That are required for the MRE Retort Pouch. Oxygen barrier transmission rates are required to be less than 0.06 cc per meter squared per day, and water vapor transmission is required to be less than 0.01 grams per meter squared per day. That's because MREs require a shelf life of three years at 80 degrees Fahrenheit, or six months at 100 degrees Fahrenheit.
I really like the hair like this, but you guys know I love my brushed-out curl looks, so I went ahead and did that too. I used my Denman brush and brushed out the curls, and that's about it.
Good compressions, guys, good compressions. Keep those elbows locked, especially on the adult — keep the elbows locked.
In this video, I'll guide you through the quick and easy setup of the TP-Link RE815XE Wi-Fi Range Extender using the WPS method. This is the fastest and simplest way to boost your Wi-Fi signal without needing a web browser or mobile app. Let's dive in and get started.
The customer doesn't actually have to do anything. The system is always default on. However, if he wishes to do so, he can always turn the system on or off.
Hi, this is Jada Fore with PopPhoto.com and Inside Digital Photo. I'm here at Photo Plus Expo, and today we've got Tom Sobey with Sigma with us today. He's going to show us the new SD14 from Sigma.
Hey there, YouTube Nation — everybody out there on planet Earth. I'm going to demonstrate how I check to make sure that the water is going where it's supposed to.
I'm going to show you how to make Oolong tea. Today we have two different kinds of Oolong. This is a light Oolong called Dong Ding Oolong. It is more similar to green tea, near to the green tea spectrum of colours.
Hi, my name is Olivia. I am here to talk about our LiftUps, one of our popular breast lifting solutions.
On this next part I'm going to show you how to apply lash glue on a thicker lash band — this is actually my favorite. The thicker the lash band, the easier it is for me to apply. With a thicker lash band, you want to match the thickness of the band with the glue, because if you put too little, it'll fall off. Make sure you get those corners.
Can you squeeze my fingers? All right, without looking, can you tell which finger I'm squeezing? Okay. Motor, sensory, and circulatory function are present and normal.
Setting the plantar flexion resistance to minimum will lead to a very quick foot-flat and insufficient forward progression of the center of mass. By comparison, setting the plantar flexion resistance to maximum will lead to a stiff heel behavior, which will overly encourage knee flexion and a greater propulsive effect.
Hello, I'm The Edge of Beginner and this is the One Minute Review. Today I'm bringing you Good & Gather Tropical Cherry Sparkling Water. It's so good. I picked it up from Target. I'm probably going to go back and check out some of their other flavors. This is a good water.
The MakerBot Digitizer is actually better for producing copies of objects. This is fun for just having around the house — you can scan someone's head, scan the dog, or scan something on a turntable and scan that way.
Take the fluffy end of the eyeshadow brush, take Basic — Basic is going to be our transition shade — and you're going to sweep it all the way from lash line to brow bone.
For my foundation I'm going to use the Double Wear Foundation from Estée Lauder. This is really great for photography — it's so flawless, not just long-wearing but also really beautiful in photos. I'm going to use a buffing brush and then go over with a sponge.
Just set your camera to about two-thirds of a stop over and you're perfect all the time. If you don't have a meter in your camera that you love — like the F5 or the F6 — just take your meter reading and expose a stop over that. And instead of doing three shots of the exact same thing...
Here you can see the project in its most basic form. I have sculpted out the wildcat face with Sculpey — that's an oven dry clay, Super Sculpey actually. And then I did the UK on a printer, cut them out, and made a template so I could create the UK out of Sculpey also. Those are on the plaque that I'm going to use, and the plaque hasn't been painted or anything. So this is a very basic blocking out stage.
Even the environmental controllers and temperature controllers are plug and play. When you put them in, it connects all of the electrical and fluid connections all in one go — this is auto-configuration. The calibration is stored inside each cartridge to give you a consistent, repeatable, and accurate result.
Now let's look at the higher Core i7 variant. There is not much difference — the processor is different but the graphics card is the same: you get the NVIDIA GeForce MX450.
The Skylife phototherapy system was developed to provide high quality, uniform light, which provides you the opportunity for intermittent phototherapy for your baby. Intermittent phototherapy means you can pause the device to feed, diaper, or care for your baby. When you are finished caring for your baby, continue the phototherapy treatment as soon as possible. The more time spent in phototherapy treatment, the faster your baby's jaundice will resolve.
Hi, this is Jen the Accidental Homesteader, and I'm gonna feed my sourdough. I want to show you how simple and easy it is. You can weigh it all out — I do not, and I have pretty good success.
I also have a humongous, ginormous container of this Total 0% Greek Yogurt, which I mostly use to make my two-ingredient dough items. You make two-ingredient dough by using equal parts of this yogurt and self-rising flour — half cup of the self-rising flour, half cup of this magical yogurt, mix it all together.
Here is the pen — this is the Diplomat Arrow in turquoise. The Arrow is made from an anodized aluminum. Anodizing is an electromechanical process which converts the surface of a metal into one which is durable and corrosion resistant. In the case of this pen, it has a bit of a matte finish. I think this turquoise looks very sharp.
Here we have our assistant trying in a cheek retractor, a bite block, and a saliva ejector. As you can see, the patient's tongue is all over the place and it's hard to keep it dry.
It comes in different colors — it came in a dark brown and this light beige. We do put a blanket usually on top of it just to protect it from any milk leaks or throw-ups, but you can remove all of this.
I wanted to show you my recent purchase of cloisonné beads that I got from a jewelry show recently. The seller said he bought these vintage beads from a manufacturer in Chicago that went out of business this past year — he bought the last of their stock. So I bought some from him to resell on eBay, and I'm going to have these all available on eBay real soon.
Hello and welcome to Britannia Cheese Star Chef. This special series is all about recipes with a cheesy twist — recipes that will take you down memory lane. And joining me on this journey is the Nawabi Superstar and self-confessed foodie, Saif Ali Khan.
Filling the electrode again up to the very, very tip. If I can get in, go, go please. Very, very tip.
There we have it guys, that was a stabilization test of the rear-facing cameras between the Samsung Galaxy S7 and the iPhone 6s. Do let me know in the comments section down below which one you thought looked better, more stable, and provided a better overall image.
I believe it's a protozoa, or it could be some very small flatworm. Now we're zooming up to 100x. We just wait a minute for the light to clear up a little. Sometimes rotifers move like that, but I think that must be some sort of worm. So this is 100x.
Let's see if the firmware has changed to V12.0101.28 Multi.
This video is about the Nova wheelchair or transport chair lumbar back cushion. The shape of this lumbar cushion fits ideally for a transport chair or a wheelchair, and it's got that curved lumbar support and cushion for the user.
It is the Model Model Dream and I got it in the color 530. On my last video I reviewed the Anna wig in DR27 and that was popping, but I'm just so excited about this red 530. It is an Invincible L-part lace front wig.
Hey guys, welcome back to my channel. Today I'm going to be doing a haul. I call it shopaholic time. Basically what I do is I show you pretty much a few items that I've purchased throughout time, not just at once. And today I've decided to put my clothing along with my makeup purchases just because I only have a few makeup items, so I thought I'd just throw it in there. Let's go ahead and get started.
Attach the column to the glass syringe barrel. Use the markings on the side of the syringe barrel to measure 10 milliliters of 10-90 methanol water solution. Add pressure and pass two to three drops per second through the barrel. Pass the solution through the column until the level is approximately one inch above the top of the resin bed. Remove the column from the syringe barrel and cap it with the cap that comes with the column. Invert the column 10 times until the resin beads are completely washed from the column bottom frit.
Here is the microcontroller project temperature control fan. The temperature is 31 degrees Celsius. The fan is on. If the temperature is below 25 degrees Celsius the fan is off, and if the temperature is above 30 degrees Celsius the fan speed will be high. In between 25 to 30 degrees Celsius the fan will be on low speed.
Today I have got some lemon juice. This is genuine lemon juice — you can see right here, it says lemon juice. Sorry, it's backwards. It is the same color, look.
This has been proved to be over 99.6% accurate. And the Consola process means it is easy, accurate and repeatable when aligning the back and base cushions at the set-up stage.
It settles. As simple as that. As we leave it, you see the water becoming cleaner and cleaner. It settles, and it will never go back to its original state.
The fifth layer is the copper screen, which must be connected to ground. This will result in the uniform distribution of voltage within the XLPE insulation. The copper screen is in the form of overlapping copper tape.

☆ ☆ ☆ ☆

Aim of the task: Repeat word for word the lines above that run from the line containing "Filling the electrode" through the line containing "There we have", both ends included, and nothing else.

Task answer:
Filling the electrode again up to the very, very tip. If I can get in, go, go please. Very, very tip.
There we have it guys, that was a stabilization test of the rear-facing cameras between the Samsung Galaxy S7 and the iPhone 6s. Do let me know in the comments section down below which one you thought looked better, more stable, and provided a better overall image.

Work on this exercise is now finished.